Le Chevalier, main sur la garde de son épée, observait avec attention l'héritier de la lignée. Sa lourde armure reflétait la danse des flammes et, bien que cette dernière fasse deux fois le poids d'un homme d'âge mûr, Gauvain d'Orcanie ne semblait point en éprouver de difficulté. Il se tenait là, fier et sûr de lui, forgé par les arts de la guerre depuis son arrivée à Caamelot, bien longtemps auparavant.
Il se chuchotait que son allégeance n'avait jamais été pour Uther Pendragon, Roi de Grande-Bretagne, mais pour son fils. Il m'aurait été difficile de l'ignorer ou de ne pas prêter attention à ses bruits de coursive.
Dans ce pays, la loyauté se voulait plus importante que la filiation naturelle. Les alliances primaient sur l'amour familial et la capacité des uns et des autres à accomplir de grands actes valait plus que n'importe quelles paroles.
Être utile.
Pour autant, j'avais été aimé par mon père et élevé loin des jeux politiques. Du moins, c'est ce que j'avais cru jusqu'à très récemment.
La confiance s'acquérait au prix du sang et de la souffrance. Mes mains en étaient recouvertes et l'odeur de la chair fraiche venait empoisonner mon existence. Le corps de mon père n'avait pas encore eu le temps de refroidir que tout le monde furetait déjà, non content des changements à venir.
Je n'étais pas prêt.
Je me détournai et ma main s'écrasa sur le bord de la lucarne avant que mon corps ne chute entièrement, preuve de ma faiblesse.

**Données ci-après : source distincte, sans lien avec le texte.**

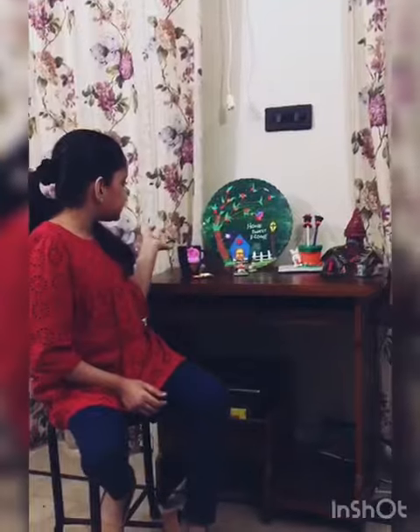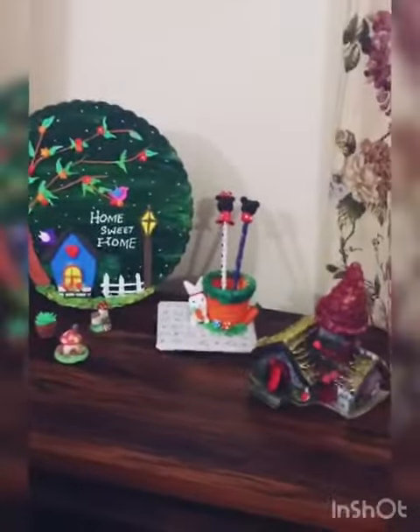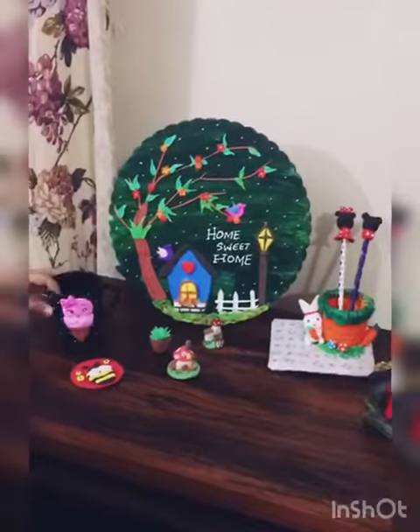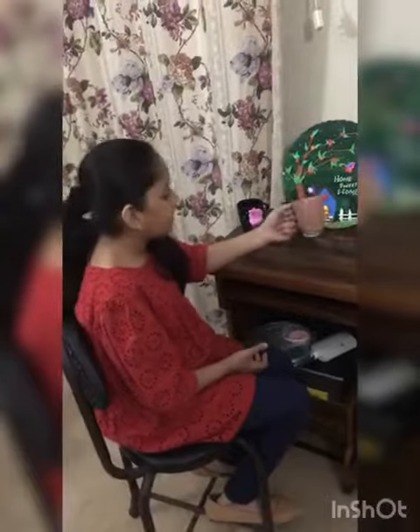I have made a few things like this cup and this house. Today we are going to make a beautiful cup like this — not exactly like this, but with another design on it. Let's start.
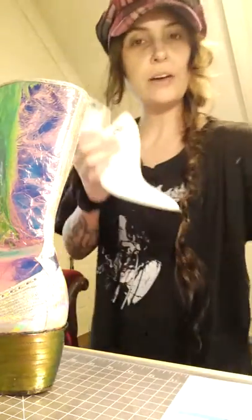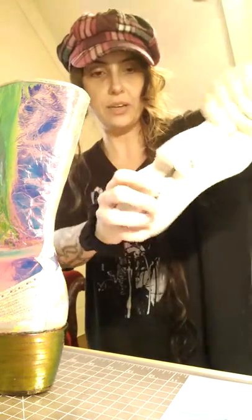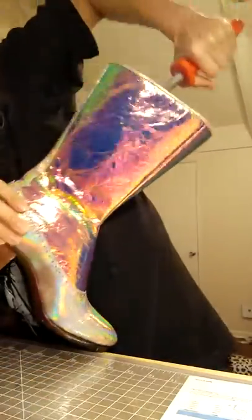Just in case anyone is curious how I remove a last from a boot — you can see there's a hole here and holes drilled in the side. This is a spring hinge. Everybody's got their own method, but what I do is take a big old knife sharpener and jam it into the hole in the top. It's called breaking the last — I jam it forward.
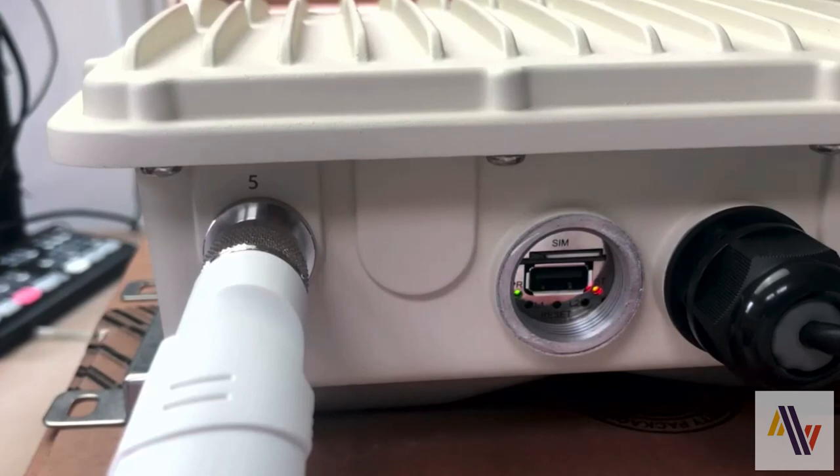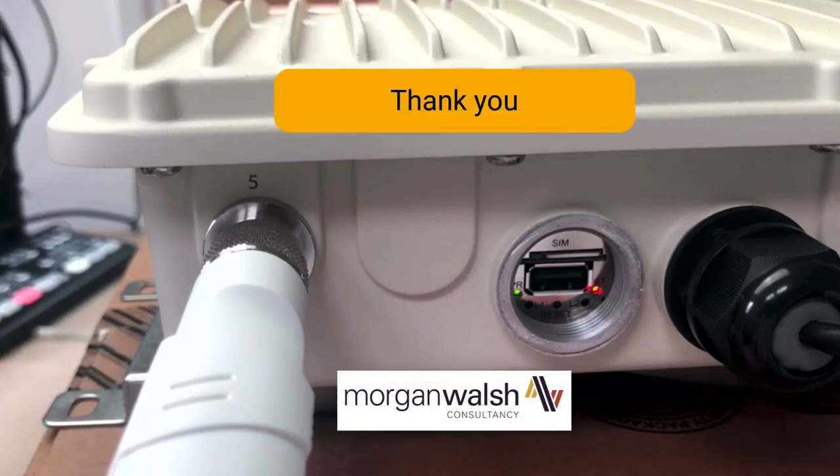Note after this point you will have to connect via ethernet and set up all of your settings from scratch. We hope this is of use to you. If we can be of any help please do get in touch. Thanks very much for watching.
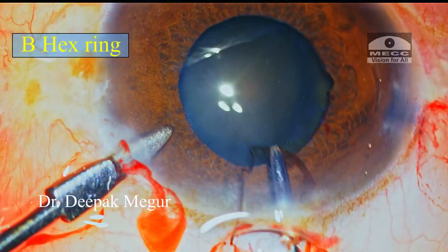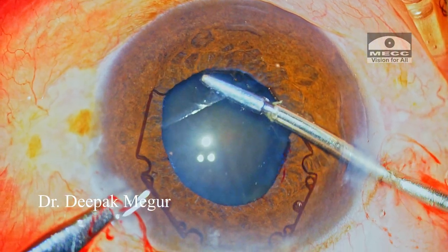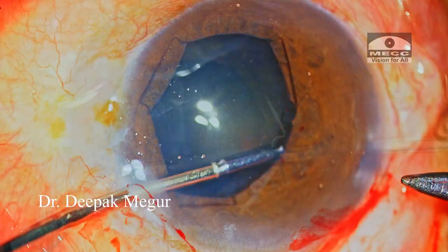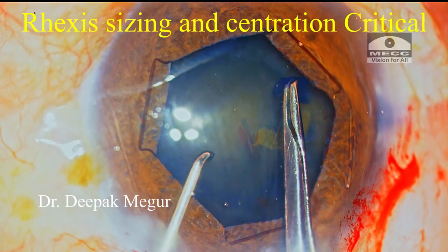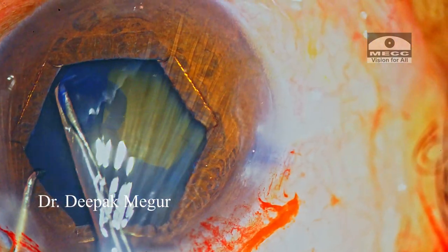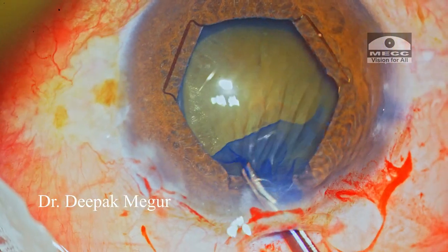I am using the B-hex ring now, but if the zonular dehiscence is gross — more than what I anticipate — and it becomes difficult to salvage the bag, I would remove this and use capsule hooks instead, which would support both the capsular bag and provide mechanical pupillary dilatation. I always prefer using a forceps to do my rhexis in eyes with loose zonules. Sizing and centration of the rhexis is extremely critical as I'm aiming to achieve an optic capture. A bigger rhexis is good for managing the nucleus, but optic capture becomes difficult. I have a well-centered, adequately sized, approximately 5 mm rhexis in this case.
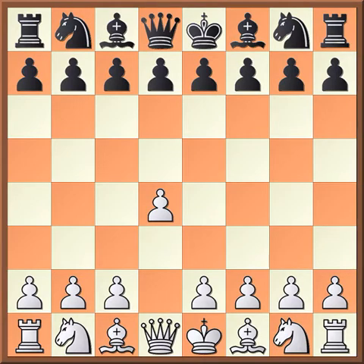Hello everybody, this is Chess Gym TV and today we're going to be going over the London System critical variation with bishop f5. We're going to be going over a few parts with it.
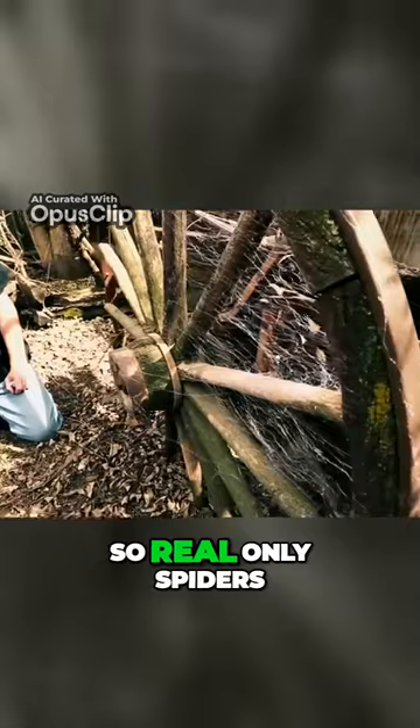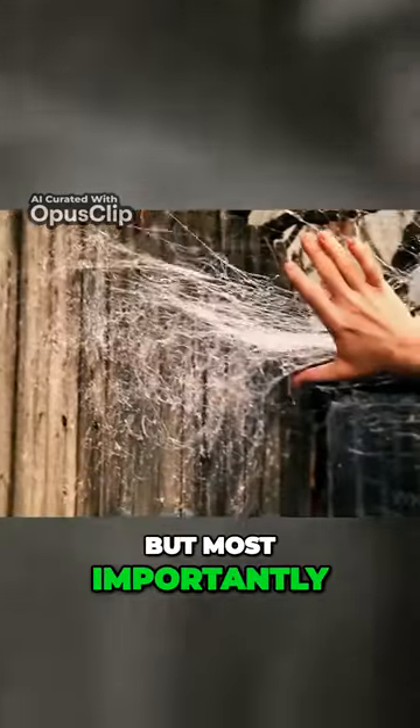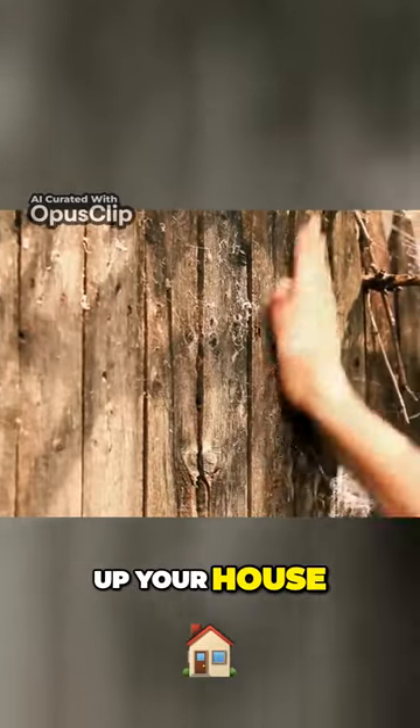And it looks so real, only spiders can tell the difference. But most importantly, it's easy to clean, so you won't spend an eternity tidying up your house.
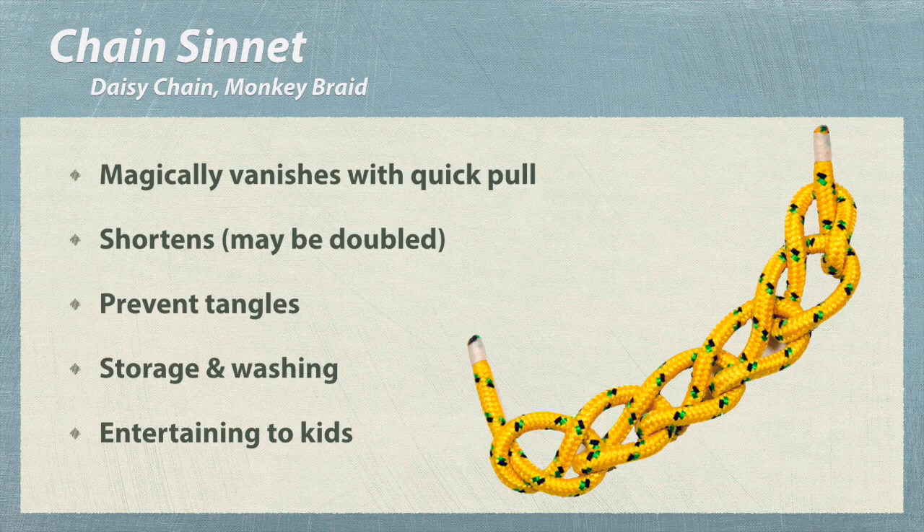This simple chain will shorten a cord to about one-third of its original length. A long cord can be doubled before you start. With a quick pull, this chain will magically vanish and the cord is restored. The chain will also prevent tangles during storage or washing of your rope. Kids love it when you magically vanish this chain and restore the cord.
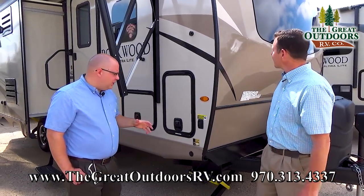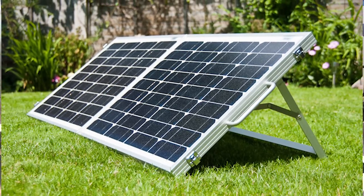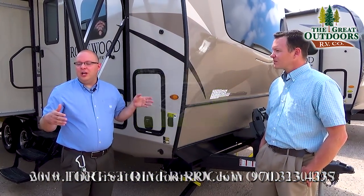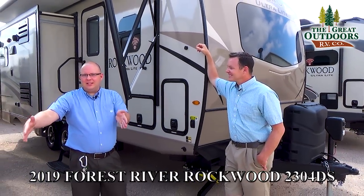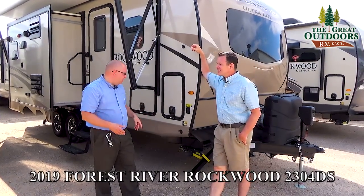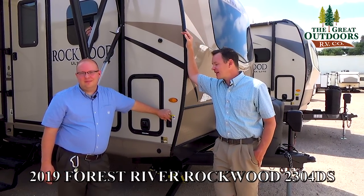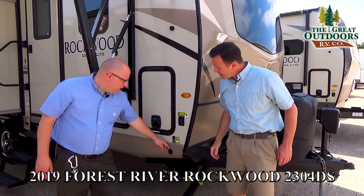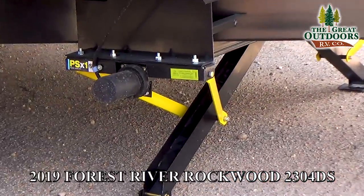Rockwood has diamond plate on the front, so all your mud and rocks are going to hit this instead of your fiberglass. This camper is also prepped with a solar panel hookup ready to go. This plug allows you to connect a portable solar panel, and if the sun changes position or you're in a shady spot, you can move it to get optimal rays charging your panel, which feeds your batteries. Right above your solar panel plug is the control for your front stabilizer jacks — there's also another switch in the back. You just press it to retract or extend.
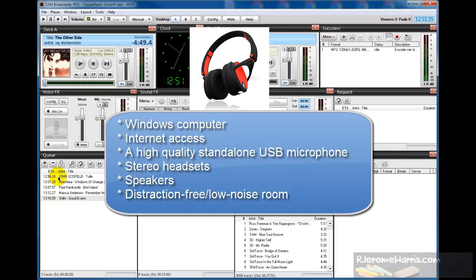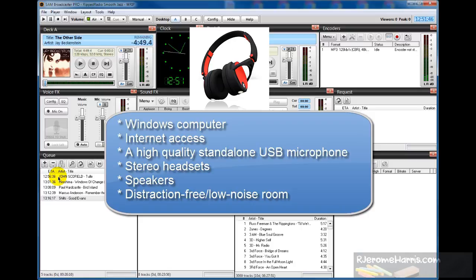Headsets and speakers would be nice, and a distraction-free soundproof room. Make sure that your room doesn't have any noisy appliances in it, such as air conditioning that kicks on and off. If you're going to be running your radio station from your home, pick an area where it's relatively quiet. If you have small children and pets who are noise generators, make sure you are in some location where noise is kept at a minimum.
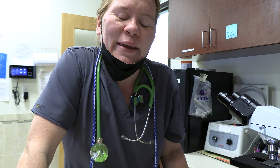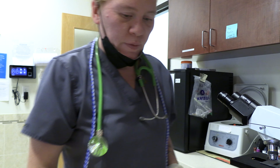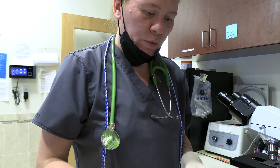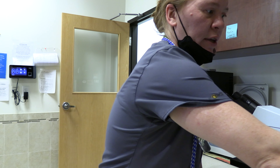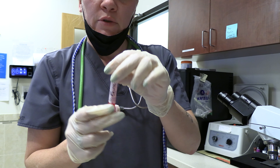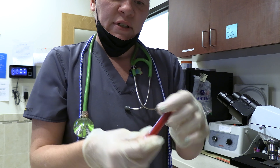Making and staining a slide to do a reticulocyte blood count smear. First, we are going to grab our tubes and invert our sample for Squishy, who is a p-line, a couple of times.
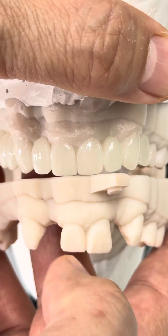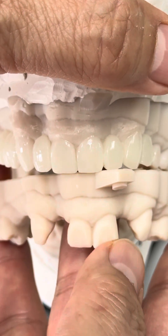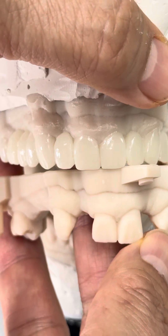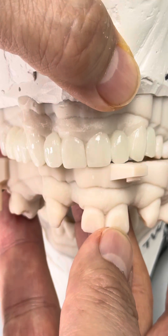This is another wax-up — fill in the space which is bone loss. Concentrate on that one. Make it slightly longer than the canine; actually, we increase just a little bit vertical and then get the buccal corridor.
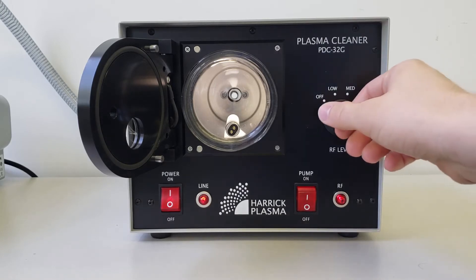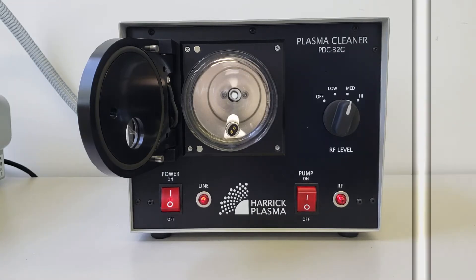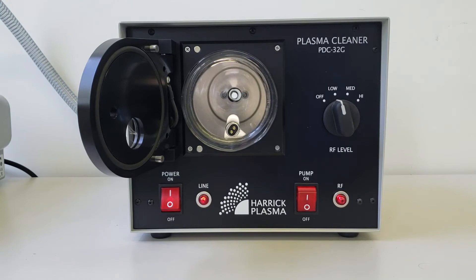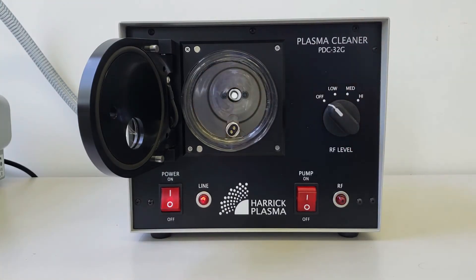If the bulb lights up, turn RF power to medium. The bulb might take another 10 seconds to warm up. When the bulb lights up, turn the power to low. Additionally, you may need to move the bulb around in the chamber to get the bulb to light at lower power settings.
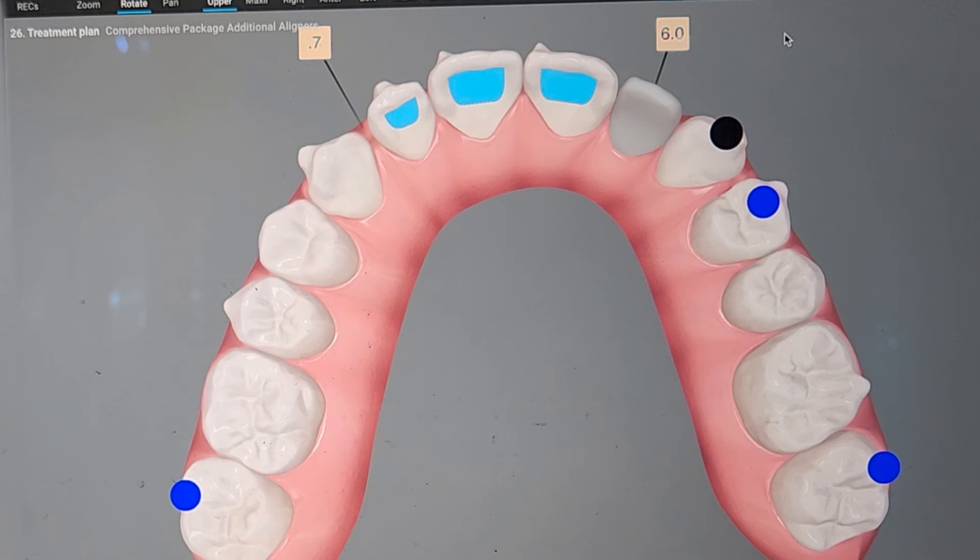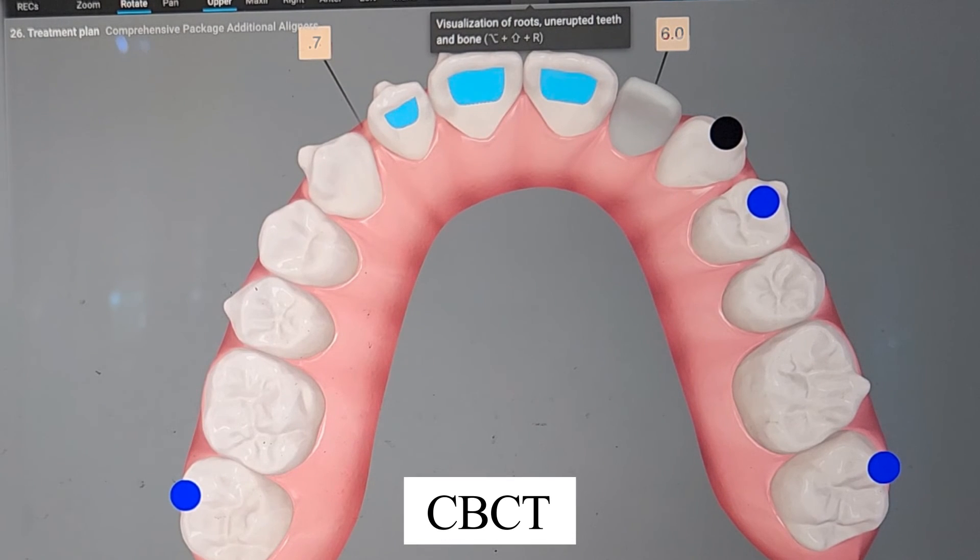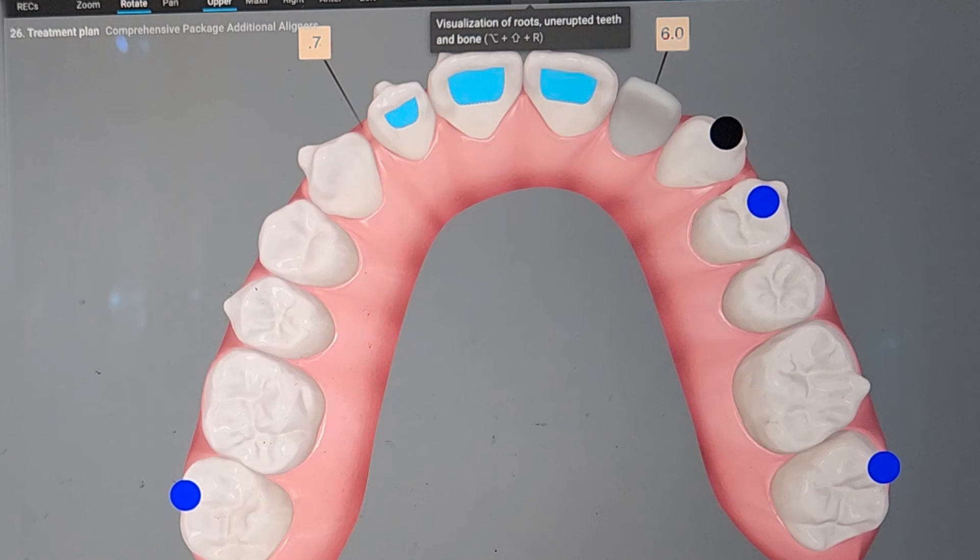The Roots feature is also one of the main things I like to use. If you are using a CBCT and uploading that, it is so powerful — definitely want to be doing this. If you have a CBCT, 100% get it set up. It's going to help you avoid making mistakes, make your ClinCheck more predictable, go quicker. You're going to be less likely to push teeth through the bone, and you'll know if you can expand or procline.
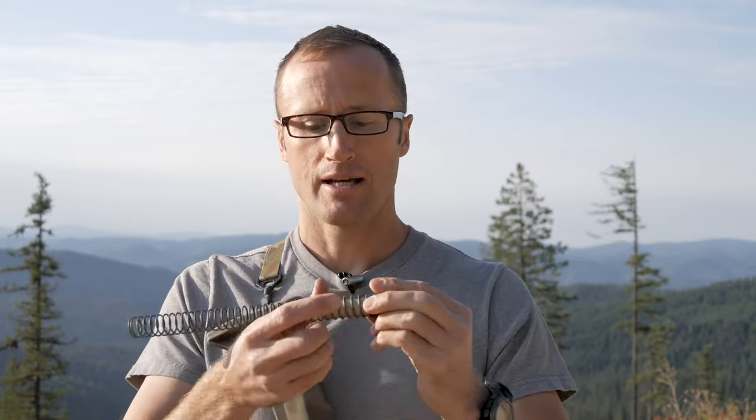Taking a step back — what is a buffer? What does it do? Your buffer sits inside a buffer spring, and this buffer spring with the buffer sits inside the buffer tube right here in your AR-style rifle.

Une faiblesse de cœur et d'esprit.
« Un jour tu devras être prêt, fils. Tu empoigneras la couronne à deux mains et tu ne la lâcheras plus. »
Drape-toi dans une cape de fierté et arme-toi de métal. Tu es un heaume, un bouclier et une lance.
Tu es un chef dragon.
— Sire.
Je fermai les yeux, la colonne vertébrale courbée sous le poids d'une souffrance intolérable. J'étais prisonnier du joug barbare de mes sentiments. Je sentais mon organe attiser ma faiblesse, injectant dans mes veines une douleur si peu familière.
Elle me tétanisait, comprimant mes poumons et me rendant si... faible ! Je fixais mes mains, n'y vis rien d'autre que de la chair recouvrant des os.
Nulle trace de sang.
Nulle trace de guerre.
— J'ai entendu, Chevalier, soufflai-je.
Ma voix avait-elle failli ?
Ressemblais-je à un enfant pleurant son unique parent ?
Respirer faisait mal.
— Je l'ai senti, ajoutai-je tristement, espérant que mon père trouverait la voie de ses aïeux sur le dos de la Belle Yseria, mère des dragons.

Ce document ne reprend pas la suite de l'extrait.